Daily Hours: 12 AM – 11:59 PM

Location

Imam Ali Square, Isfahan, Isfahan Province

Price

Free

Chehel Sotun Palace

Kakh-e Chehel Sotun

Built as a pleasure pavilion and reception hall, using the Achaemenid-inspired talar (columnar porch) style, this beautifully proportioned palace is entered via an elegant terrace that perfectly bridges the transition between the Persian love of gardens and interior splendour. The 20 slender, ribbed wooden pillars of the palace rise to a superb wooden ceiling with crossbeams and exquisite inlay work. Chehel Sotun means ‘40 pillars’ – the number reflected in the long pool in front of the palace.
The only surviving palace on the royal precinct that stretched between Naqsh-e Jahan (Imam) Sq and Chahar Bagh Abbasi St, this Safavid-era complex is reputed to date from 1614; an inscription uncovered in 1949, however, says it was completed in 1647 under the watch of Shah Abbas II. Either way, the palace on this site today was rebuilt after a fire in 1706.
The Great Hall (Throne Hall) is a gem, richly decorated with frescoes, miniatures and ceramics. The upper walls are dominated by historical frescoes on a grand scale, sumptuously portraying court life and some of the great battles of the Safavid era – the two middle frescoes (Nos 114 and 115) date from the Qajar period but the other four are original. From right to left, above the entrance door, the armies of Shah Ismail do battle with the Uzbeks; Nader Shah battles Sultan Mohammed (astride a white elephant) on an Indian battleground; and Shah Abbas II welcomes King Nader Khan of Turkestan with musicians and dancing girls.
On the wall opposite the door, also from right to left, Shah Abbas I presides over an ostentatious banquet; Shah Ismail battles the janissaries (infantrymen) of Sultan Selim; and Shah Tahmasp receives Humayun, the Indian prince who fled to Persia in 1543. These extraordinary works survived the 18th-century invasion by the Afghans, who whitewashed the paintings to show their disapproval of such extravagance.
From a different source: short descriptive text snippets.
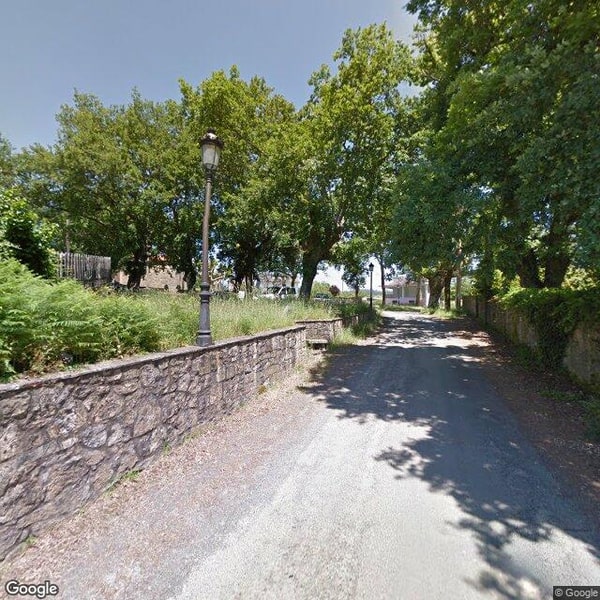 Imagen de REY REY NATALIA 00196828J S.L.N.E.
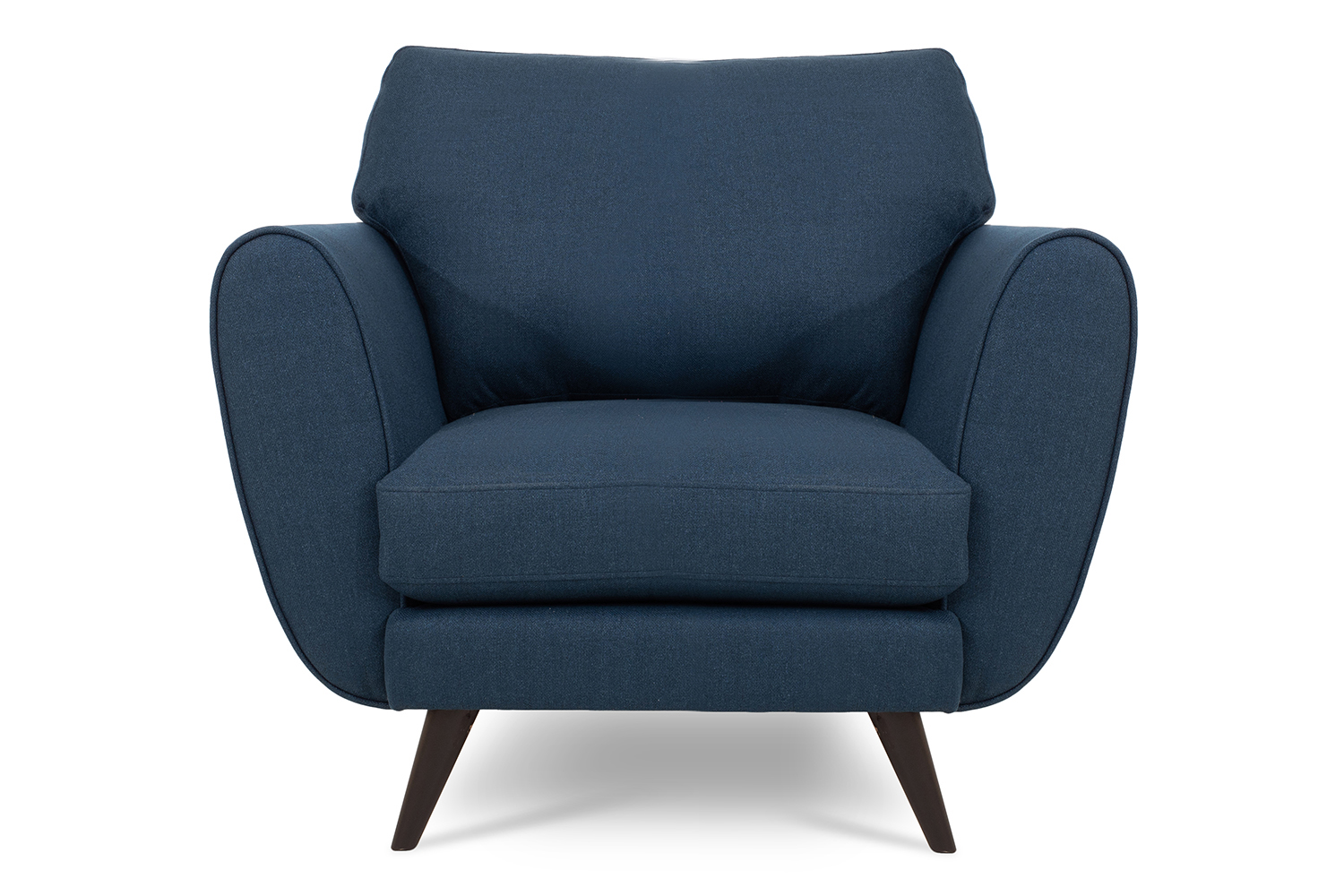 Swivel & Recliner Chairs Harvey Norman Ireland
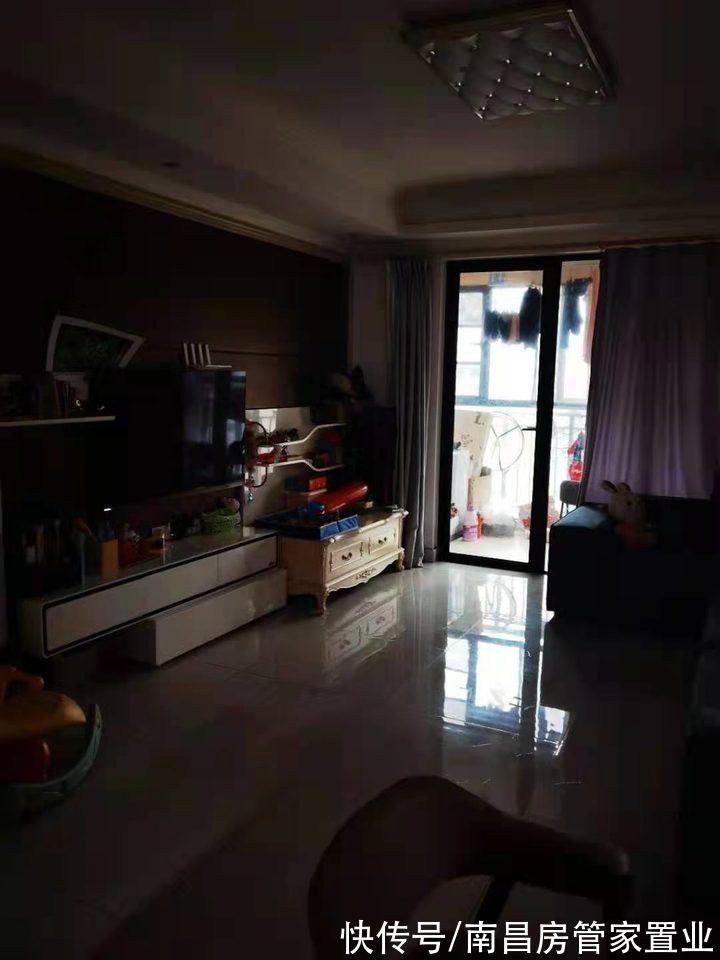 平米标的物|南昌法拍房本周推荐丨稀缺房源六折起，已标注学区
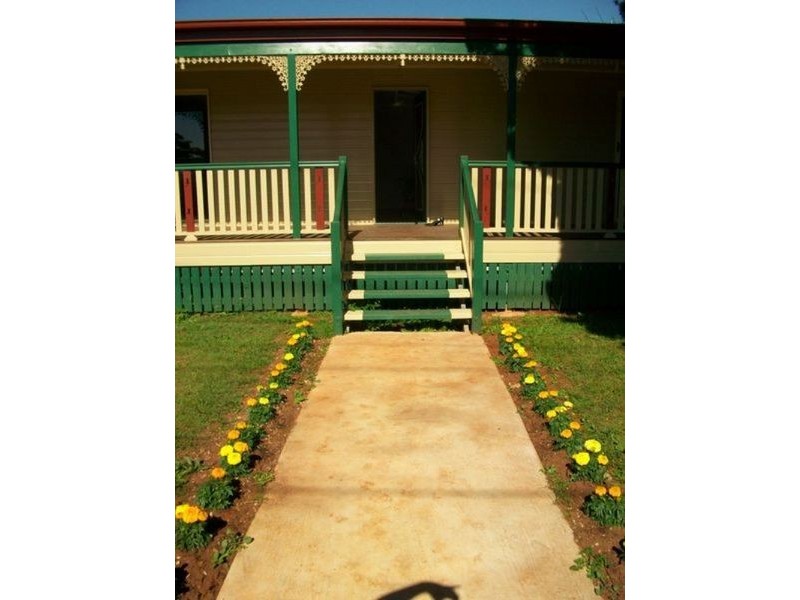 8 Titala Street, Russell Island QLD 4184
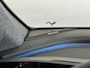 Renault Scenic E-Tech EV87 long range esprit Alpine NIEUW UIT VOORRAAD | PACK LIGHT & SOUND | PACK ADVANCED DRIVING ASSIST & ARGUMENTED VISION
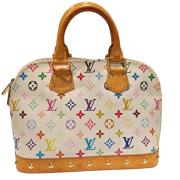defimport:d8292556098179ff6534573259cbc39f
Other items, including Safavid forebear Safi od-Din’s hat, are kept in a small museum.
The palace’s garden, Bagh-e Chehel Sotun, is an excellent example of the classic Persian garden form and was recently added to UNESCO’s World Heritage list (Read More…). An ancient fallen pine resting on a plinth gives a sense of the great age of the garden. The polished noses of the lions on the standing water spouts at the head of the decorative pool hint at this being a favourite spot for a photograph of the garden’s perfect symmetry. Art students have set up a calico shop at the garden’s entrance selling Iran’s popular printed fabric.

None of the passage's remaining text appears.